Lovable floppy-fringed Hugh is famous for essentially playing the same
character (bumbling toff) in the same sort of film (cheeky but slushy
romantic comedy) for pretty much his entire career, so the rare moments
when he steps outside of his comfort zone are all the more noticeable.
His ill-advised detour into the action thriller genre, Extreme Measures,
is one such example – though its medical conspiracy is far too
dull and not nearly bizarre enough to warrant inclusion here. No, the
Hugh Grant movie that should be in the collection of all connoisseurs
of trash is the 1988 Ken Russell schlocker, Lair of the White Worm.
Based very loosely on Bram Stoker’s final novel, written shortly
before he died from syphilis, the 28-year-old Hugh Grant stars as James
D’Ampton, a vivacious globetrotting young chap directly descended
from Sir John D’Ampton, a local medieval hero who slew a monstrous
snake creature according to local legend. James returns to his ancestral
seat in darkest Derbyshire to take up his position as lord of the manor.

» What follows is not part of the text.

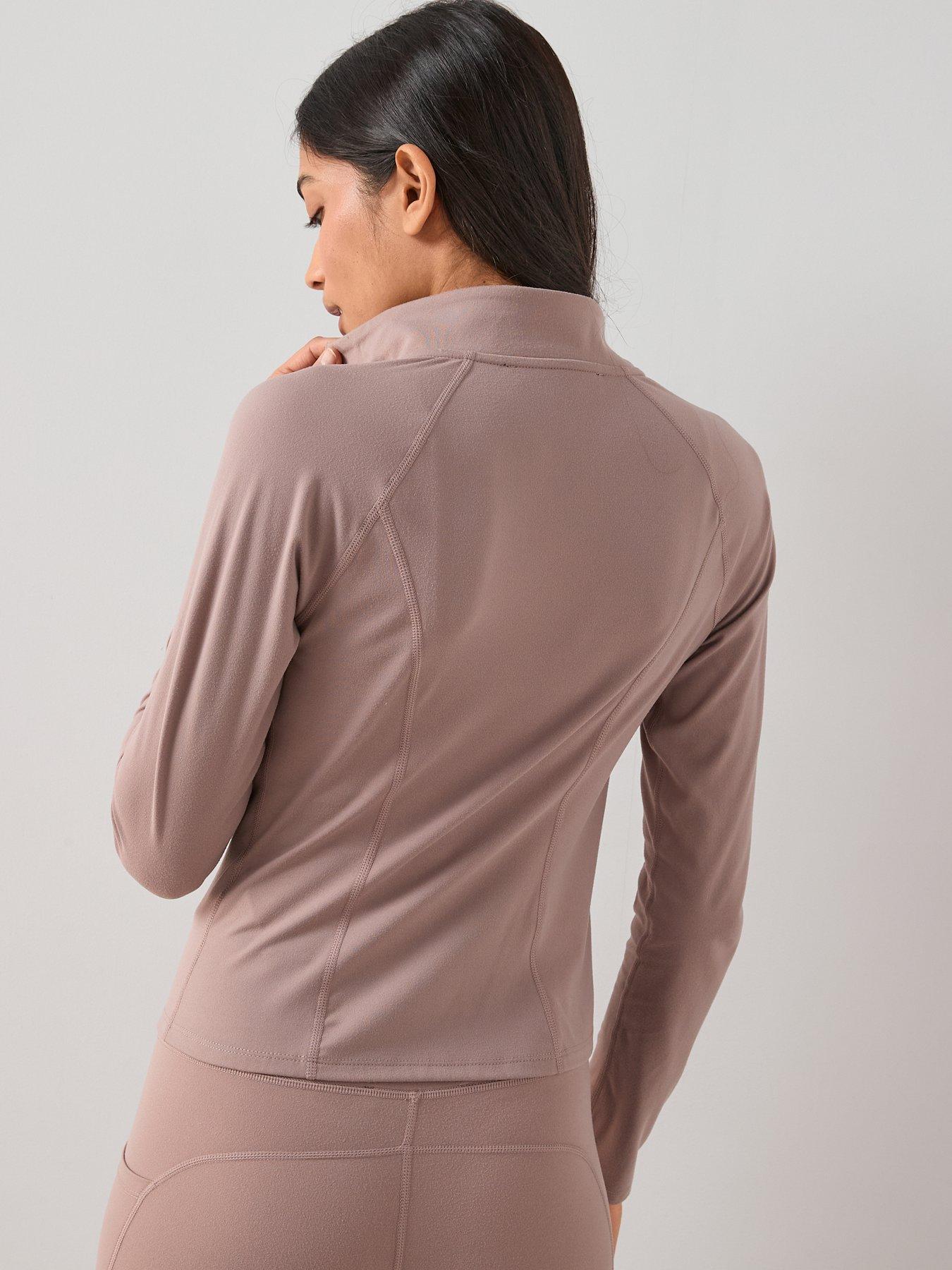 Image 2 of 6 of The Very Collection Zip Through Athleisure Jacket - Taupe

One of the properties on his land is Mercy Farm, a bed and breakfast
hostelry owned and run by Eve and Mary Trent, two sisters whose parents
mysteriously vanished in the vicinity of nearby Temple House the previous
year. When bespectacled archaeologist Angus Flint (Peter Capaldi) digs
up what appears to be the skull of the mythological D’Ampton Worm
in the grounds of the farm, evil forces are set in motion.

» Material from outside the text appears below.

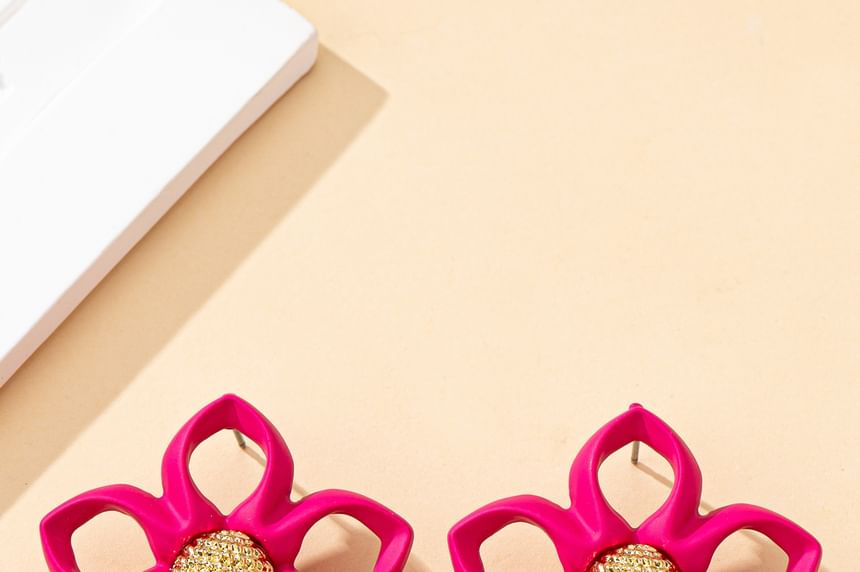 Floral Alloy Stud Earring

Resident in Temple House is Lady Sylvia, a predatory seductress played
with lascivious glee by LA Law star Amanda Donohoe. It takes the audience
all of five minutes to realise that she’s an evil snake priestess,
hellbent on summoning an enormous worm god from the bowels of the earth,
but all the characters have a lot of catching up to do before the final
ceremony that will unleash the slippery demon.

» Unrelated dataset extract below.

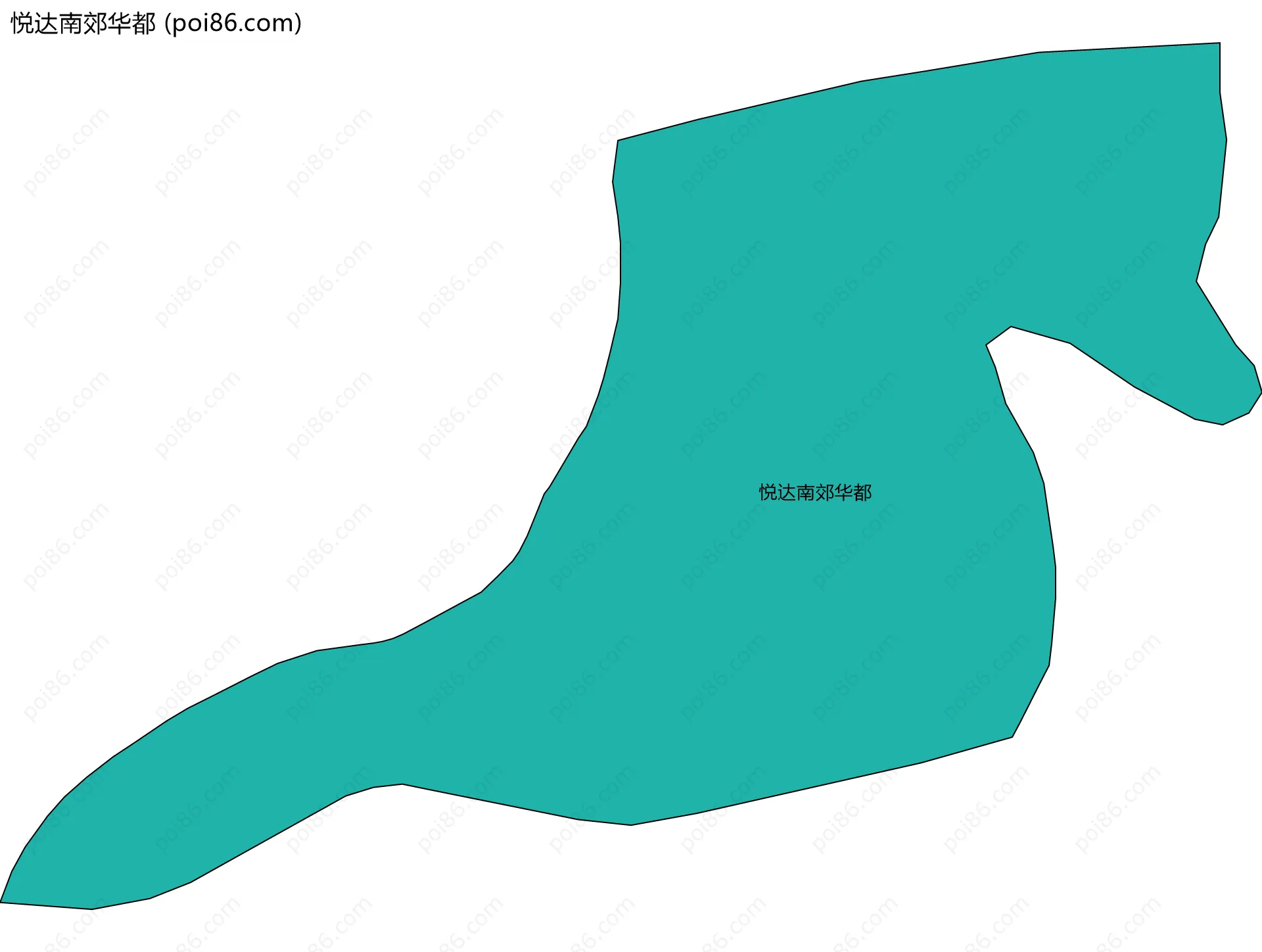 悦达南郊华都边界地图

Thankfully, this is a Ken Russell movie and so the road to the final
ceremony involves no less than four outrageously camp dream sequences
featuring naked nuns being raped by Roman centurions, a crucified Jesus
being nibbled on by an albino snake, blue witchdoctors sporting razor-sharp
strap-on dildos, wrestling air stewardesses and more phallic imagery
than you can shake Sigmund Freud at.
The movie reaches a delirious crescendo as Sir James attempts to lure
Donohoe’s sultry serpent out of hiding by blasting snake charmer
music from the roof of his ancestral home. It’s a bold idea that
doesn’t quite work as planned. Eve and Mary’s mother, it
transpires, is not dead after all, but has been transformed into some
kind of reptilian minion and sent to do the dirty work of the slithering
seductress. Sadly, the chances of a happy family reunion are dashed when
she blunders into poor confused Hugh Grant and he slices her in two with
an enormous sword that he quite clearly struggles to even lift, let alone
wield in any meaningful manner.
Things come to a climax (almost literally) in a subterranean temple as
Donohoe tries to sacrifice the virginal Eve to her wiggly god, which
is inexorably worming its way from the caves and up into a specially
constructed snake god tunnel underneath Lady Sylvia’s pad. Brave
Sir James drives the beast out into the open by pumping gas through the
caves and bold Angus shoves Donohoe into the albino monster’s gaping
maw, dropping in a hand grenade for good measure.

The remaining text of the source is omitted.